There were four items in the folder. The first was a letter, dated 1950, written by a Mrs E. Carr on behalf of Morrell’s mother. On his last visit home, Ivor had reacted to news that his
family had been forced to let go of a much loved footman with violent fury and tears “befitting a snubbed schoolgirl”. She thought the Headmaster might like to know in case the boy
showed signs of “continued disturbance” when he returned. Mrs Carr went on to say that Mrs Morrell respected the Headmaster’s decision not to grant her son’s request for a
change of personal tutor. She had every faith in Mr Swift and was sure that the boy would come to appreciate his guidance.

The next item was a typed complaint, dated 1952, by the parents of a boy who claimed to have come under attack by a senior pupil. Another boy reported to have been witness to the scene was
believed to have lost a watch in a scuffle that followed, although there was no mention of his name. “H. Cray lost a portion of one ear,” someone had written under a section headed
“Details”. There had been hope that the doctors might be able to reattach the missing piece, but it had never been found.

Last were two photographs of a damaged ear: one taken side-on, so that a ridge of teeth marks stood out clearly against dark hair, the skin still blistered and swollen around the stitches; the
other from the front, so that the chewed-down ear was barely visible.

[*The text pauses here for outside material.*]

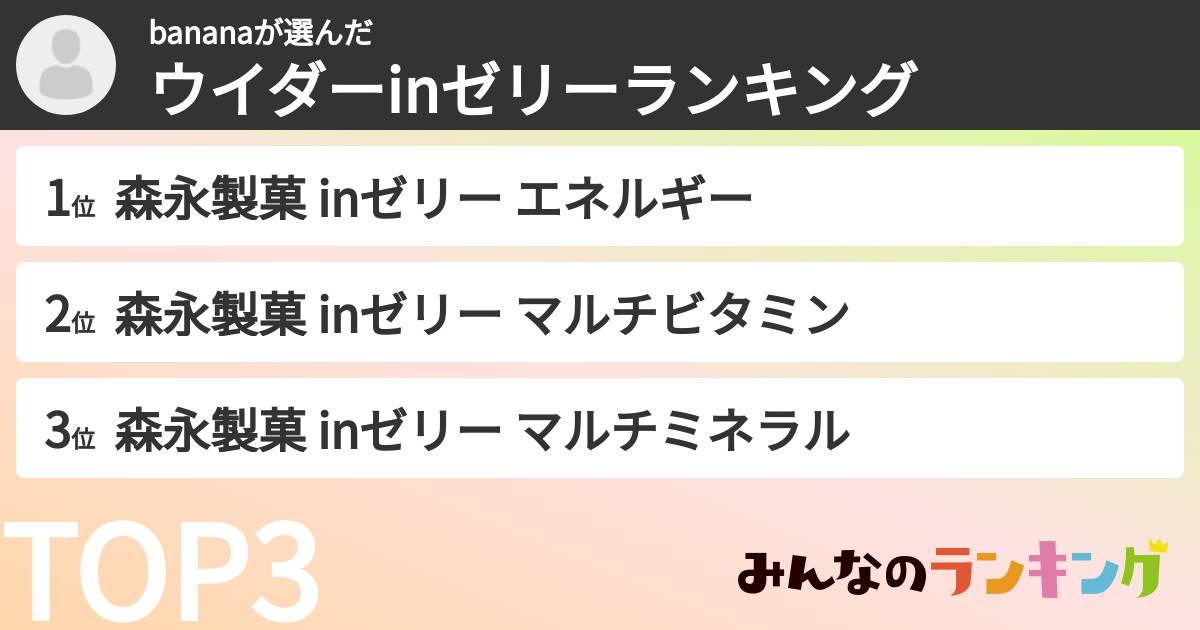 bananaさんの「ウイダーinゼリーランキング」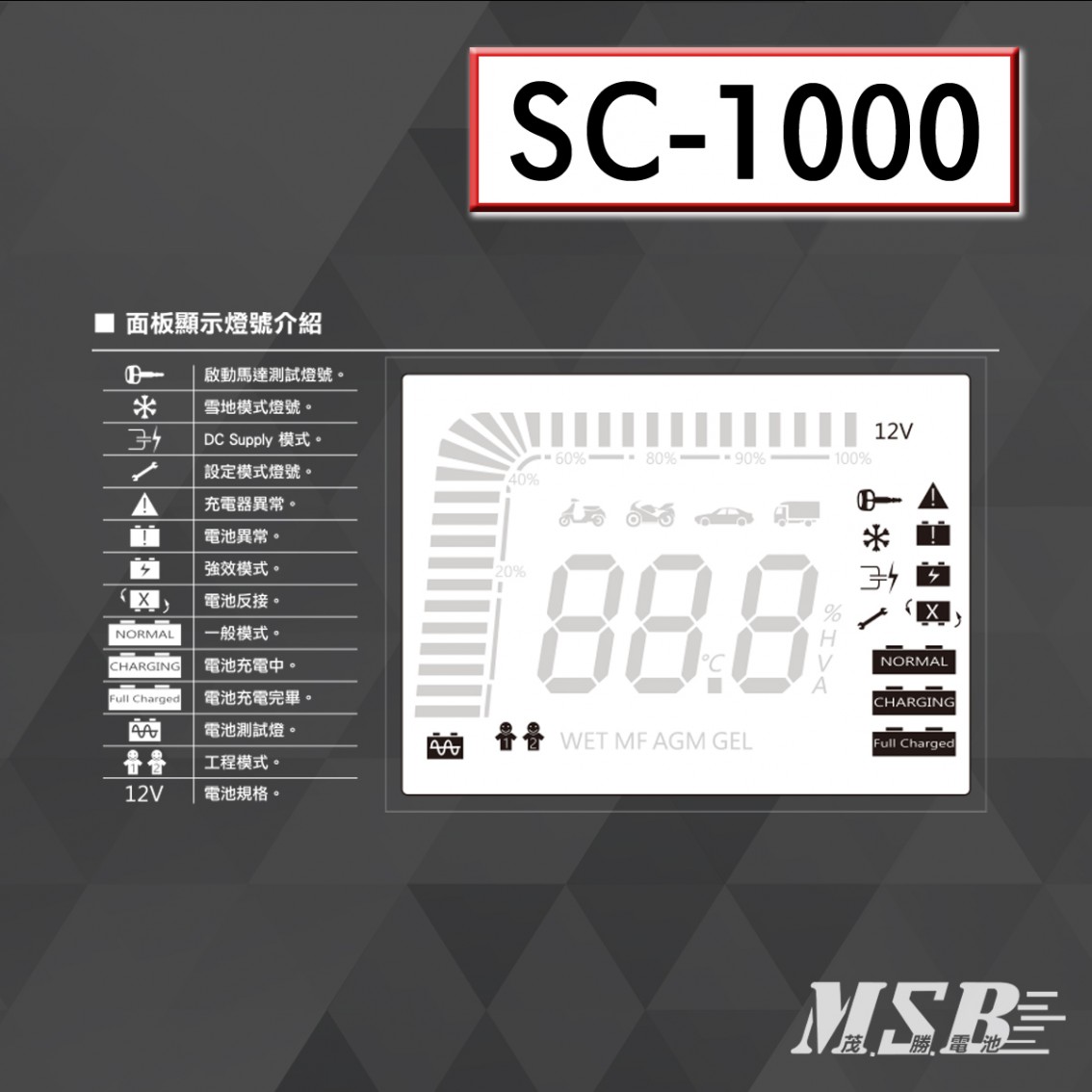 SC-1000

There was a thud from the elevator shaft, followed by the echo of voices. Barney returned the folder and turned the key in the cabinet lock. He climbed into the dumb waiter head first, so that
by the time Maccleson released the grille all they could see was the hunch of his spine. His reappearance was greeted by disappointed grunts. He wondered how many of the senior boys had hoped that
he might have been caught, after all.

“So,” said Maccleson, “Did you enjoy that?”

“Not half dark in there.”

“Once you could go all the way down to the basement.”

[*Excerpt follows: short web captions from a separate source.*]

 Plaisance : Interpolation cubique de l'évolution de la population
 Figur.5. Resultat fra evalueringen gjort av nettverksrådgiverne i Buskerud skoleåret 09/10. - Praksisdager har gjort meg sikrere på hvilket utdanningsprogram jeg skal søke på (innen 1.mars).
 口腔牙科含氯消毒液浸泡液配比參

Barney waited for Robin to finish sweeping out the grate before they both thanked Maccleson and excused themselves.

“Well?” said Robin when they were in the corridor.

“You were there when he bit Cray’s ear off?”

By the way he paled, Robin clearly had not expected this. “It said that?”

“It said someone lost a watch.”

“And?”

“And he asked for a change of tutor. That’s not news: I know Morrell hates Swift.”

“Well, excuse me for trying. I thought you ought to know you’re friends with a maniac.” Robin clattered down the stairs. “If you think he’s got nothing else to
hide, why don’t you ask him yourself?”

~

Barney found Krawiec closing up the potting sheds as dusk was starting to fall.

“You should be inside,” said the groundsman, not looking up as he rattled at the lock.